ANJO Seus roubos te condenam.
SAPATEIRO Mas Deus não pode me perdoar?
ANJO Ta vendo aquela barca lá?
Ela é para quem rouba como você.
SAPATEIRO Por favor, me deixa ir, não tem nenhum cantinho ai pra mim?
ANJO Se tivesse vivido corretamente não iria pro inferno.
SAPATEIRO Então você vai me mandar pro inferno?
ANJO Assim está escrito..
Vem um frade com uma moça pela mão e uma espada na outra. Também levava um
capacete debaixo do capuz, estava dançando e dizendo:
Entra aí Padre!
FRADE Para onde você vai nos levar?
DIABO Para o inferno,
O qual não teve medo
a sua via toda.
FRADE Juro por Deus que não te entendo,
E a minha batina não vale de nada?
DIABO Gentil padre mundano,
Ao inferno te mando.
FRADE Como pode Deus?! Eu vou ser condenado?
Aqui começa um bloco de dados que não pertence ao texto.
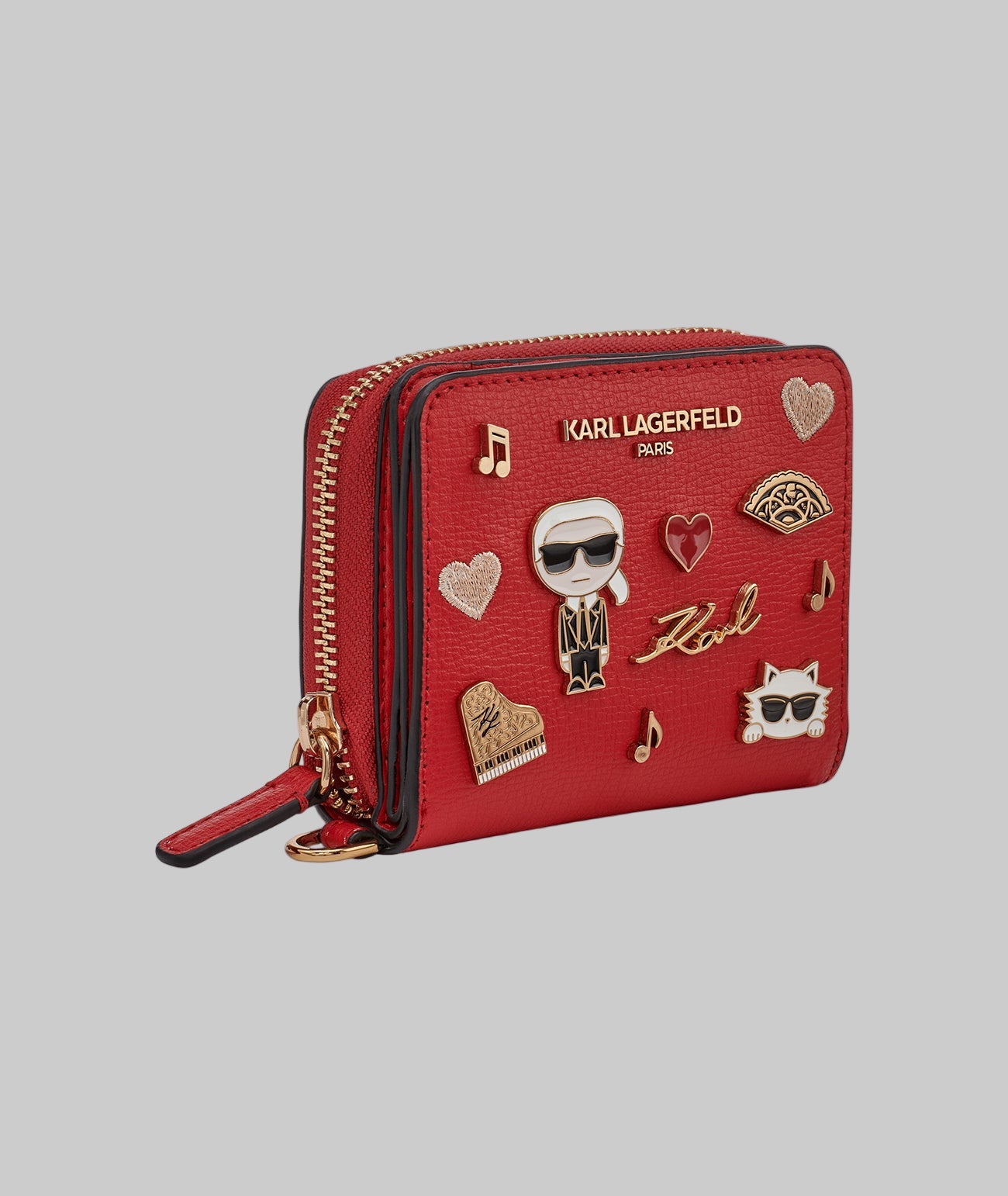 SMALL ZIP WALLET BLACK WITH KATE PINS View 2 | Women's Sale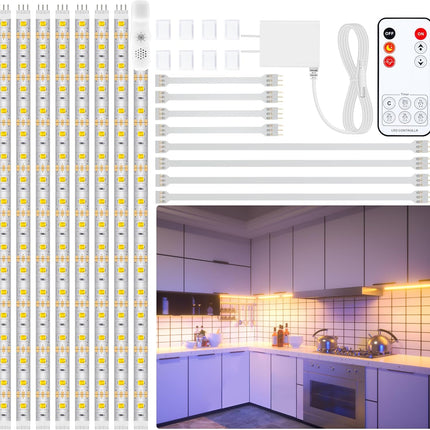 LAFULIT Under Cabinet Lighting Kit - 8 PCS, 2700K Warm White Flexible LED Strip Lights,13ft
DIABO Para de me encher o saco,
Entra aí e vamos embora.
FRADE Não vou mesmo!.
DIABO Sinto muito, mas.
Não tenho nada a fazer.
FRADE A meu Deus só me faltava essa.
Só porque eu tenho uma mulher,
E os salmos que eu rezei?!
DIABO Até parece que você não sabia.
DIABO Padre pegador o inferno te espera.
Eu vou, eu vou,
para casa agora eu vou,
parara-tim-bum,
parara-tim-bum...
Tanto que o Frade foi embarcado, veio uma cafetina, que chamava-se Brízida Vaz, que
chegou a barca do inferno e disse:
BRÍZIDA Ei barqueiros
Onde é o meu lugar ai?
Já tem tempo que estou
Aqui fora e estou cansada.
Tanto que Brízida Vaz se embarcou, veio um Judeu, com um bode às costas; e, à barca
dos danados dizendo:
CORREGEDOR Ei da barca!
DIABO Que quer?
CORREGEDOR O senhor juíz está aqui?
DIABO Oh amigo de perdedores.
DIABO Então, entra ai.
CORREGEDOR E para onde vai a barca?
DIABO Olha, te deixaremos no inferno.
CORREGEDOR Como? Vocês vão
Colocar um corregedor na terra dos demônios?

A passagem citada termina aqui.